[[ Data extract open ]]
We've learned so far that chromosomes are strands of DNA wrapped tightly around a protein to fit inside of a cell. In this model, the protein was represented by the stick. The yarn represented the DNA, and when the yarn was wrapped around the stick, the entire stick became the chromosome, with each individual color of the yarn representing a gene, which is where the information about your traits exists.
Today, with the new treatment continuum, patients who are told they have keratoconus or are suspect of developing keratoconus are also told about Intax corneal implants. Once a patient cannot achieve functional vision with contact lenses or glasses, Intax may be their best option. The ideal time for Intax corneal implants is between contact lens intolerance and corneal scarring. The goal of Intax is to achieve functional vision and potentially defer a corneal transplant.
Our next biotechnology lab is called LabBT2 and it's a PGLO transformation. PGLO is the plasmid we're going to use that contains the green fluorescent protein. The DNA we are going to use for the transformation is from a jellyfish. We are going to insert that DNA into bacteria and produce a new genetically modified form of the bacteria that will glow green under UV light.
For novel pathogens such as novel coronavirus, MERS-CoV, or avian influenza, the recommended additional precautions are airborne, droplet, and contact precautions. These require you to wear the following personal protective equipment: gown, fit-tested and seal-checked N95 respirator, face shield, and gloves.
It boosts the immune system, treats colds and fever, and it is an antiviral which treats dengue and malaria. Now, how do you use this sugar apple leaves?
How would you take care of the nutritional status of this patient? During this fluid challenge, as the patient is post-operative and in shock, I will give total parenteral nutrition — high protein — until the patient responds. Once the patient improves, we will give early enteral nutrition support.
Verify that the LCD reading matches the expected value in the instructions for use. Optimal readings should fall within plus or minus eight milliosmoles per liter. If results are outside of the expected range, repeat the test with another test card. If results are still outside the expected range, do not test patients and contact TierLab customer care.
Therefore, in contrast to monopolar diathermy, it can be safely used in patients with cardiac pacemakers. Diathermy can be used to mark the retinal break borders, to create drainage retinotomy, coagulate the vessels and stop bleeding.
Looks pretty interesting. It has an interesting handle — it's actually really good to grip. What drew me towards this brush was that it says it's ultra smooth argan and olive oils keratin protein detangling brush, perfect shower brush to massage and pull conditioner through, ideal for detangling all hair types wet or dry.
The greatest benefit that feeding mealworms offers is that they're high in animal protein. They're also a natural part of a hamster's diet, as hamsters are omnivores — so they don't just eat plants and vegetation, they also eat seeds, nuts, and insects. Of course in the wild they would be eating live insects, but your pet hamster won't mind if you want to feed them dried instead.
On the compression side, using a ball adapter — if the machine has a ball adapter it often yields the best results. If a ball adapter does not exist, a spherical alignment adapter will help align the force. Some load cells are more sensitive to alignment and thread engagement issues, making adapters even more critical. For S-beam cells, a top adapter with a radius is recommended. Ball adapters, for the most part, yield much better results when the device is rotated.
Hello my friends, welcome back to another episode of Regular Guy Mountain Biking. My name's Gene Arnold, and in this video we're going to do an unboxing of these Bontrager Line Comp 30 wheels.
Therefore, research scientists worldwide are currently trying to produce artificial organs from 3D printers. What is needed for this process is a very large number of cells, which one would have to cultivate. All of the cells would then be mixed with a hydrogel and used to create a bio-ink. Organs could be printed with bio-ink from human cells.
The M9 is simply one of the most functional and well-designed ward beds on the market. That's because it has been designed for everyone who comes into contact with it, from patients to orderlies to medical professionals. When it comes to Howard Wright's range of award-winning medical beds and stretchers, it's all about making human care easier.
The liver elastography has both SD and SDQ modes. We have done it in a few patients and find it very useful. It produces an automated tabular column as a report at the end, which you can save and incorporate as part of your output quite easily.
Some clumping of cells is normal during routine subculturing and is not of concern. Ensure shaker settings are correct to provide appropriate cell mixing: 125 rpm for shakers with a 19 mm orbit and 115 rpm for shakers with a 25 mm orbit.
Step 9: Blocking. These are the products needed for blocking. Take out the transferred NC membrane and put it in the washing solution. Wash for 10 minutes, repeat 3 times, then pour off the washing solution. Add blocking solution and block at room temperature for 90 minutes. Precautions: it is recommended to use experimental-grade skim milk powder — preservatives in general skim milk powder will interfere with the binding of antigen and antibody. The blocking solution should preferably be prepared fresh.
[[ Data extract closed ]]
▶ _What is needed_
All lines in the listing above from the line containing "It boosts the" to the line containing "How would you", inclusive, should be retyped exactly; no other lines should appear.

▶ _Result of the task_
It boosts the immune system, treats colds and fever, and it is an antiviral which treats dengue and malaria. Now, how do you use this sugar apple leaves?
How would you take care of the nutritional status of this patient? During this fluid challenge, as the patient is post-operative and in shock, I will give total parenteral nutrition — high protein — until the patient responds. Once the patient improves, we will give early enteral nutrition support.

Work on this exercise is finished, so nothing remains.